EXTRACTED INFORMATION Block Start

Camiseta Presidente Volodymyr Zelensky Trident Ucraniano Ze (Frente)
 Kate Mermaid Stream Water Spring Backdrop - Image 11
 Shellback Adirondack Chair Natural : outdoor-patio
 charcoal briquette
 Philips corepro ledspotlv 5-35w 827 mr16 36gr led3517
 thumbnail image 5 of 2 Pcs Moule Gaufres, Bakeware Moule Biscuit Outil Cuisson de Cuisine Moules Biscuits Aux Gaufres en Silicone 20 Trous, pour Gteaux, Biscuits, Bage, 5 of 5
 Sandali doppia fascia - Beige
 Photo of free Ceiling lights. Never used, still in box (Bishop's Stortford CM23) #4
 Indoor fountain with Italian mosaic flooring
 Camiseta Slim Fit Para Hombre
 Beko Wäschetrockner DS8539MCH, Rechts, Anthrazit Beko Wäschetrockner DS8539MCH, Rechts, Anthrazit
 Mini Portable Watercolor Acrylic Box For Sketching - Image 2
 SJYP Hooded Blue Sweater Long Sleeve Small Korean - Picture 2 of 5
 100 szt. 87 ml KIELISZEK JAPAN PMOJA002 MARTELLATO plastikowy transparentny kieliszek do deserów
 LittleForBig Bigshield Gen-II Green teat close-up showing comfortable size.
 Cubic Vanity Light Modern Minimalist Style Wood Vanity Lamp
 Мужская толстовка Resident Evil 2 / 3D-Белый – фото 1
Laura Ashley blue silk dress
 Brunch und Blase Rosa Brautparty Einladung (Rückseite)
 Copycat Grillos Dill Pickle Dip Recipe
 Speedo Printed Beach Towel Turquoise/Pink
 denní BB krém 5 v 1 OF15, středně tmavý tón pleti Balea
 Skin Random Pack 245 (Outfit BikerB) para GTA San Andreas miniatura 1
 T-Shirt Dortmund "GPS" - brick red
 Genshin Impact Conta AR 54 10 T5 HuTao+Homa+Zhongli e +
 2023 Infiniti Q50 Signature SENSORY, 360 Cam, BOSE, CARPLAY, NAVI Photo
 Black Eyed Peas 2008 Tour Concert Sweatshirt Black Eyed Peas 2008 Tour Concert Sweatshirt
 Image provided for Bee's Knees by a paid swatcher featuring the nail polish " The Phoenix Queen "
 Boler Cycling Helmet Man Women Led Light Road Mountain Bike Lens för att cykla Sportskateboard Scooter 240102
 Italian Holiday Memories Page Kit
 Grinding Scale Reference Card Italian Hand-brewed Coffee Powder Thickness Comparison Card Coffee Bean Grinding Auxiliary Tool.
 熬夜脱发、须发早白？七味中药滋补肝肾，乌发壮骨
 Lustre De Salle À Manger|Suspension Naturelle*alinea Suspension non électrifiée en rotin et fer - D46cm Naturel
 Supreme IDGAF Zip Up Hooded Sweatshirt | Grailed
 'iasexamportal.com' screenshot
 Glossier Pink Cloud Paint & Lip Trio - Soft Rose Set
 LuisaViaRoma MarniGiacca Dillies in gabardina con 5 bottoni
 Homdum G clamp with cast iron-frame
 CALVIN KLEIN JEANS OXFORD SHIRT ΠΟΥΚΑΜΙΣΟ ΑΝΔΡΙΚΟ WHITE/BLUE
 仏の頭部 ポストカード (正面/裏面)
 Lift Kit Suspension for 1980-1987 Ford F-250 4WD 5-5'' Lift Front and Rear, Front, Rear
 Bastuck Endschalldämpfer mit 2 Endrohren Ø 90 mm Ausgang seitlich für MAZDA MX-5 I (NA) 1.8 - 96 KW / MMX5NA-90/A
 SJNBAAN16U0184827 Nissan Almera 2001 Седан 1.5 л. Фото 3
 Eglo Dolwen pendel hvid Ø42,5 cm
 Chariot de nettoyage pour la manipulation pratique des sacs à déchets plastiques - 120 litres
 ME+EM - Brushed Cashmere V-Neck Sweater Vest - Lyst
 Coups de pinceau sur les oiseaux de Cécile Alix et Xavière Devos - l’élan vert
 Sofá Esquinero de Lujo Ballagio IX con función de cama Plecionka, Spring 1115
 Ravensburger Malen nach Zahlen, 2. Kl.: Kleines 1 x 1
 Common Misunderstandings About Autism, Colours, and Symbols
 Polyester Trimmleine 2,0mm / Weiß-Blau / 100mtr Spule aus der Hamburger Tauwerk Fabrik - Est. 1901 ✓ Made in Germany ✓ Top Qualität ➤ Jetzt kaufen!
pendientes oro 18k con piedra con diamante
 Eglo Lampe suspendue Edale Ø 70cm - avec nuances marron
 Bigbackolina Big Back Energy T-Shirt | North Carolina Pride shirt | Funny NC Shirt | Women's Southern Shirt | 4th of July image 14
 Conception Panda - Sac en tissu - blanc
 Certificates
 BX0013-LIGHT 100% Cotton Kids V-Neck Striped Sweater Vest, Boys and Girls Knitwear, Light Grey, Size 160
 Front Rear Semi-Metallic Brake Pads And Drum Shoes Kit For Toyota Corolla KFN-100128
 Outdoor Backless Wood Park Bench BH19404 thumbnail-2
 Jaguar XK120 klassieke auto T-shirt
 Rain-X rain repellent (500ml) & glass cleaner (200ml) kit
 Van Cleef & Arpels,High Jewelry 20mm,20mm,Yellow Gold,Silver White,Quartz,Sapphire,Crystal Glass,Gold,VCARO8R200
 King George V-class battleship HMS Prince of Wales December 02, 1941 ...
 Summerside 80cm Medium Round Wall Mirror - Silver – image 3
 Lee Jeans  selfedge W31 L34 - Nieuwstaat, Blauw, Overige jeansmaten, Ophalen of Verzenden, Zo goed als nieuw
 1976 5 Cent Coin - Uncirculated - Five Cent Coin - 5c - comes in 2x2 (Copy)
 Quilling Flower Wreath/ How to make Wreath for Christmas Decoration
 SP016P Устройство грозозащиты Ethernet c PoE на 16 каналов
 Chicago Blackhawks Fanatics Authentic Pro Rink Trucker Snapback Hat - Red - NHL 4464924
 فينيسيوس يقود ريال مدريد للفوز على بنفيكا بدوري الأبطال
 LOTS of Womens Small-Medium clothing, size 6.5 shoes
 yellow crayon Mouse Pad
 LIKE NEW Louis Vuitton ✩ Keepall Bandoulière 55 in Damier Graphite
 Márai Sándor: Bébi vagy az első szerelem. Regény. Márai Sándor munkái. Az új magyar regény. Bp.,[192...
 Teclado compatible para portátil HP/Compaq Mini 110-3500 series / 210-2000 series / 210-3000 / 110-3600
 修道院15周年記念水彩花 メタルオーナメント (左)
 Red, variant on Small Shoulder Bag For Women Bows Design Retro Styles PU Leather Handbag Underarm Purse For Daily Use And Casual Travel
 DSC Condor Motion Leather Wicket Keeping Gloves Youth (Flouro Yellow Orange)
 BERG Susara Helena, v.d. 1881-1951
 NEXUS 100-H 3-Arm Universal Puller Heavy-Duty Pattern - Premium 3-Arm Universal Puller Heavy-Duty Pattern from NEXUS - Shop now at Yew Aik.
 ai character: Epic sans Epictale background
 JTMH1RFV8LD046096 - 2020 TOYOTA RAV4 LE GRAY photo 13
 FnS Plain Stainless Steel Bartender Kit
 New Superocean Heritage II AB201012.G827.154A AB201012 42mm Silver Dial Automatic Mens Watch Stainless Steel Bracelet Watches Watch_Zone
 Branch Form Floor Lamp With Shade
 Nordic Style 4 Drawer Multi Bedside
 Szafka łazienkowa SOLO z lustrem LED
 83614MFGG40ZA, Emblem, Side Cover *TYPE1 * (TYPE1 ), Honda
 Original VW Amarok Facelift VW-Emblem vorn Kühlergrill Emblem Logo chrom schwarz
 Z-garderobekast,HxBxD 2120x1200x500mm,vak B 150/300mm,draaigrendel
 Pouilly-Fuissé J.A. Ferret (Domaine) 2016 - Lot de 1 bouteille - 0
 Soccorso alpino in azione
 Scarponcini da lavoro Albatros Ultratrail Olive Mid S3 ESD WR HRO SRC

EXTRACTED INFORMATION Block End

Search the listing for the word "Silver" and state how many lines contain it. Nothing else belongs in the reply.

3